File metadata and controls

278 lines (204 loc) · 14.3 KB

Python NativeClient Sandbox (pynbox)

⚠️ NOTE: This project is no longer active, and the technology it is based on (NativeClient) is no longer supported. For alternatives, consider Pyodide or gVisor.

The project provides a version of Python that runs in the NaCl (NativeClient) sandbox. Most OS operations are unavailable, and access to the filesystem is limited to the specified directories (similar to chroot or docker mounts).

Security is a major focus of NativeClient. It allows safely executing untrusted code, in this case the Python interpreter, and all Python code running in it, including native Python modules.

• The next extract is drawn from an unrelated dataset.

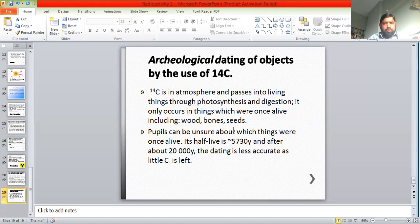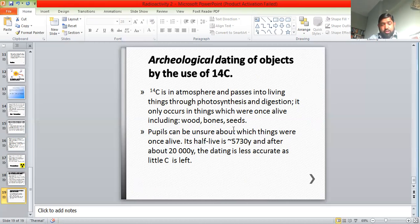I hope we've discussed this topic of radioactivity in good detail. Please put your queries in the comments below and they will be answered. Please like and subscribe to the channel. Thank you.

The Pynbox project make this functionality easy to set up and use, whether by installing pre-built packages, or building from source. It works on Mac, Windows, and Linux.

Contents

To use the pre-built sandbox, clone the project, pick a destination directory DEST_DIR, and run ./pynbox install:

git clone https://github.com/dsagal/pynbox.git

cd pynbox
./pynbox install DEST_DIR python tests

DEST_DIR/bin/test_pynbox

This installs the packages containing the sandbox, the Python 2.7 interpreter, and a test, and runs the test. It should work on Mac, Windows, and Linux. If the output ends with "All passed", then things are good. If not, please open an issue.

You can now run Python in a sandbox:

DEST_DIR/bin/run python -c 'import os; print os.listdir("/")'
>>> ['python', 'slib', 'test']

By default, the Python code only has read-only access to DEST_DIR/root. It can't see anything else.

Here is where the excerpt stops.